Less successful, perhaps, is Grant's decision to organize this group biography around the proposition that these few weeks in 1726 were some of "the most consequential in English literary history," marking a "pivotal moment" in each man's career. The stubborn fact remains that Swift had already written Gulliver's Travels by the time he arrived at Twitnam, while Pope was still laboring on a tedious translation of Homer, done for money (he was never quite the free spirit he liked to suggest). His masterpiece, The Dunciad, about the stupidity of the Hanoverian court, would not see the light of day for another two years.
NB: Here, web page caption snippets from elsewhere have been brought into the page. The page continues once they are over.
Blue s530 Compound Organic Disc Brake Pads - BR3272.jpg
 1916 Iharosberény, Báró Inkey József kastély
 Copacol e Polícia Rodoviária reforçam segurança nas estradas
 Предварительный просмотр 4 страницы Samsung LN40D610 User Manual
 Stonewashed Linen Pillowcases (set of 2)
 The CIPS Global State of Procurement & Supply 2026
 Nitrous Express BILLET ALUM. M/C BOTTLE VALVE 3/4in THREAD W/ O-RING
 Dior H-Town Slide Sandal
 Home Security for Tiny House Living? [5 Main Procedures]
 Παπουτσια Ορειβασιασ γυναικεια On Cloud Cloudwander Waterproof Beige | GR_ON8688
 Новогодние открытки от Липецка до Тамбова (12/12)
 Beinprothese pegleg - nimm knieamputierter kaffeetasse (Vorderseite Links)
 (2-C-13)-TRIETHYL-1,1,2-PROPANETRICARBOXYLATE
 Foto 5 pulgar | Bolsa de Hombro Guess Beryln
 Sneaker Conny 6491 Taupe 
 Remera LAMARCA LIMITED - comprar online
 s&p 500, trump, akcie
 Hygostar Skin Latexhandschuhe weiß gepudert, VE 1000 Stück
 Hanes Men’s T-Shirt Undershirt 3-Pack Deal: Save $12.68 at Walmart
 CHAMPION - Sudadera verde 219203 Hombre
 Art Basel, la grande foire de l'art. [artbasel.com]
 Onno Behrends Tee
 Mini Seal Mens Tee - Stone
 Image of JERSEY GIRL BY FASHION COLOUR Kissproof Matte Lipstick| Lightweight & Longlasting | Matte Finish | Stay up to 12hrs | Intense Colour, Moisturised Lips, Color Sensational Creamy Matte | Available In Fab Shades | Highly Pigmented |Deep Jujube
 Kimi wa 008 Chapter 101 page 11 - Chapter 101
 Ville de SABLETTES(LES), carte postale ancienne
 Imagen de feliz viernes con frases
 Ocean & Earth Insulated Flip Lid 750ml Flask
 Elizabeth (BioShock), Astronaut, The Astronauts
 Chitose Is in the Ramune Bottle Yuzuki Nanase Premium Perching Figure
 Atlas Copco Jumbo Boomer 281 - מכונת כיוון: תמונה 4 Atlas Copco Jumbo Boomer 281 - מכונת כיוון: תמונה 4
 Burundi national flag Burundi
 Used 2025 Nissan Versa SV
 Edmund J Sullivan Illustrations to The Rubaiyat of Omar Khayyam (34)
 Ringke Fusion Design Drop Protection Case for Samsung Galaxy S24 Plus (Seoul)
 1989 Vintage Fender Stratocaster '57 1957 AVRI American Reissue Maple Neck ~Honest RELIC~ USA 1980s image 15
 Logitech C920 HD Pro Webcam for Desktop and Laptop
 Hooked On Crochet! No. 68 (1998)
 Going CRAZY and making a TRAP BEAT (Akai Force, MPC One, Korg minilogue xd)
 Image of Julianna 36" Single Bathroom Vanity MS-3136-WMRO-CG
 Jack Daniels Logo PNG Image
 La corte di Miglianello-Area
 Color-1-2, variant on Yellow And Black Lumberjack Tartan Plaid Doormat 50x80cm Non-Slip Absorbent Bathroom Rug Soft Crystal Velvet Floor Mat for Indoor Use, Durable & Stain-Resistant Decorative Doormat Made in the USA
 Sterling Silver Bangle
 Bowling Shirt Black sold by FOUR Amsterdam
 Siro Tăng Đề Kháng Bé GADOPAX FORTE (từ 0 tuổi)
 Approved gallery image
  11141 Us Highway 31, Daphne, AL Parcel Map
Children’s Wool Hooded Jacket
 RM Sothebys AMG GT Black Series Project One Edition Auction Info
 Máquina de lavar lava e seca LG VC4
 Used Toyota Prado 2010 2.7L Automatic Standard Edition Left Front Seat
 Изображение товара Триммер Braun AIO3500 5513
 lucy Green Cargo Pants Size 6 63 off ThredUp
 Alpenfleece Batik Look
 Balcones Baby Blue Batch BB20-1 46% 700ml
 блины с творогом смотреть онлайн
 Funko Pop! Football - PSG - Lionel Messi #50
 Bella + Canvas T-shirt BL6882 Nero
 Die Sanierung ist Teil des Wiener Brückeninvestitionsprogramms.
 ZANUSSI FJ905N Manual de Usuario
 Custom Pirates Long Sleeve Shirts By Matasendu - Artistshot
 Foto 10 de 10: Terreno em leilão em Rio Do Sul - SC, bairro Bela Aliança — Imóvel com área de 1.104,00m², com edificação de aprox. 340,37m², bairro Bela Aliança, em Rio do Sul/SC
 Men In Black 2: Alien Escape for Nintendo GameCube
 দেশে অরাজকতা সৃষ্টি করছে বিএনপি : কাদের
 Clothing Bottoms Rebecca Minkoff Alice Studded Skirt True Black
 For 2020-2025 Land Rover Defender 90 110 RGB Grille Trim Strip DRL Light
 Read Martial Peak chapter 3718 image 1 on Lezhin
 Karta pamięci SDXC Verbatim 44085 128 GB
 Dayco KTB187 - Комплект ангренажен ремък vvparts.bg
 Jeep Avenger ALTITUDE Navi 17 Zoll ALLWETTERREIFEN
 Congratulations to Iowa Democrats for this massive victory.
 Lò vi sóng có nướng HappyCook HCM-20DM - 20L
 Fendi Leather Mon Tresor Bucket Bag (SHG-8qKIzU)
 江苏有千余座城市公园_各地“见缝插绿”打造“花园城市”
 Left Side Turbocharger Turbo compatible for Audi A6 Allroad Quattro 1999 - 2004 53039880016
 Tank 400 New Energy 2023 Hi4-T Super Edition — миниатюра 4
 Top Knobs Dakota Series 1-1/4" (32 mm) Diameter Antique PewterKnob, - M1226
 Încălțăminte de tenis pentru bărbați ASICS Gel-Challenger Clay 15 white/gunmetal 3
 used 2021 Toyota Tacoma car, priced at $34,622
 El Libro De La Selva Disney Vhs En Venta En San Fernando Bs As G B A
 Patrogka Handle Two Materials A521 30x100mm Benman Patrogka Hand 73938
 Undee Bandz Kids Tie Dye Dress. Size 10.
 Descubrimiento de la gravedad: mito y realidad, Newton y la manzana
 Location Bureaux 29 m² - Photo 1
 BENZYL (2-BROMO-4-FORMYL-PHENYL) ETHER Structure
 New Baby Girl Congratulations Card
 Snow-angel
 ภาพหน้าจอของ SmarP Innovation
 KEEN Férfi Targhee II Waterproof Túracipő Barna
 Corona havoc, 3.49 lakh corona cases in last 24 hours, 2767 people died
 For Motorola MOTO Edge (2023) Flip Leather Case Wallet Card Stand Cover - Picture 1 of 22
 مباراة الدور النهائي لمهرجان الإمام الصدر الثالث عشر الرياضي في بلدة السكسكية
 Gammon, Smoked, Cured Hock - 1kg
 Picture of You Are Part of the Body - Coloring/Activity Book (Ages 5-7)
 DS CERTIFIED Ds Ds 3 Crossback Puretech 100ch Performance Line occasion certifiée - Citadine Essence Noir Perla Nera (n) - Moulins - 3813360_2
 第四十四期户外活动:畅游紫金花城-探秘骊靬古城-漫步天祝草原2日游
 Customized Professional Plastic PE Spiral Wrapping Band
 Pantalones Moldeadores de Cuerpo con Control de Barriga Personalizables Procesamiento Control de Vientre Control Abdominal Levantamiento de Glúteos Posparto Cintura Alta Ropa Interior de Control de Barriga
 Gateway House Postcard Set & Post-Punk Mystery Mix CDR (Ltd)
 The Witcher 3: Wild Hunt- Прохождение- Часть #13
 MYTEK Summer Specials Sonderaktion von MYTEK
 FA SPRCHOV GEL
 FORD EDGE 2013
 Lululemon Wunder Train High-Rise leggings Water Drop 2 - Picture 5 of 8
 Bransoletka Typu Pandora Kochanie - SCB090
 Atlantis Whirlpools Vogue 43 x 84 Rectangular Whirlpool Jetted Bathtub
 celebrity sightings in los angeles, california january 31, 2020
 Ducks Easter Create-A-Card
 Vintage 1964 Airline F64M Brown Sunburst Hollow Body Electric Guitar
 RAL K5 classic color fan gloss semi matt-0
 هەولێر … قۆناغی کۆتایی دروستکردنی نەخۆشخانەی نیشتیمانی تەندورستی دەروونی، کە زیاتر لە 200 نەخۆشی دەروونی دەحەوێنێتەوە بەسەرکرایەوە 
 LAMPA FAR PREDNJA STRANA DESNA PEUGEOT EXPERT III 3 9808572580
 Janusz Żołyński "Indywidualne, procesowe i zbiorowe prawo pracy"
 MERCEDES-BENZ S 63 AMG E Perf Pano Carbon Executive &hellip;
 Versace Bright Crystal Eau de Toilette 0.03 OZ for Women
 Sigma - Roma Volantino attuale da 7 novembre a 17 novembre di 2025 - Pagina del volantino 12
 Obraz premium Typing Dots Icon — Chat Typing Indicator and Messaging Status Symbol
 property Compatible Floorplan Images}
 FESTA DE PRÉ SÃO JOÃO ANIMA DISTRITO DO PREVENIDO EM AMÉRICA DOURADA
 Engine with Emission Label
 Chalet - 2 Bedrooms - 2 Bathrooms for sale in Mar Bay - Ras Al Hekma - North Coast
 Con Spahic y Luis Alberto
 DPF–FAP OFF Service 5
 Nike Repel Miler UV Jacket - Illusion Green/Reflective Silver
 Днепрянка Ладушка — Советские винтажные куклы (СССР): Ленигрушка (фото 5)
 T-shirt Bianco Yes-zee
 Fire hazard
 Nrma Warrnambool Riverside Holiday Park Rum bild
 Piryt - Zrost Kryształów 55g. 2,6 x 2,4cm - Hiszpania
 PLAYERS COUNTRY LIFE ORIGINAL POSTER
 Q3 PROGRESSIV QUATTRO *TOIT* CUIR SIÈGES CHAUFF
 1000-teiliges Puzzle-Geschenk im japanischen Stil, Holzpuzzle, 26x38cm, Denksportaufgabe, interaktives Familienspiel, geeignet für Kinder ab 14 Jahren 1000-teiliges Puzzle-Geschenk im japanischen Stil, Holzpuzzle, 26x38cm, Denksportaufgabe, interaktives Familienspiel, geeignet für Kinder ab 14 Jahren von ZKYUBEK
John Gay, meanwhile, spent the high summer of 1726 in his usual shilly-shallying: it would be 1727 before he began writing The Beggar's Opera.

There is, of course, a case to be made that these summer weeks were a kind of creative laboratory, producing proofs of concept that would ultimately bear fruit in literary masterpieces. But Grant has to work very hard to convince readers that these three clever men were doing anything different from what clever people always do when they get together: gossiping, chatting, and going off on a hundred different tangents. In her previous book, about a largely unknown set of siblings, the Sharps, who rose to social and political prominence in the 1780s, Grant did an excellent job of maintaining cohesion. Here, she writes as beautifully as before, yet fails to make a persuasive case for braiding together three already very famous literary lives.

The Twitnam Summer: Friendship, Satire and the Writing of Gulliver's Travels by Hester Grant is published by William Collins (£25).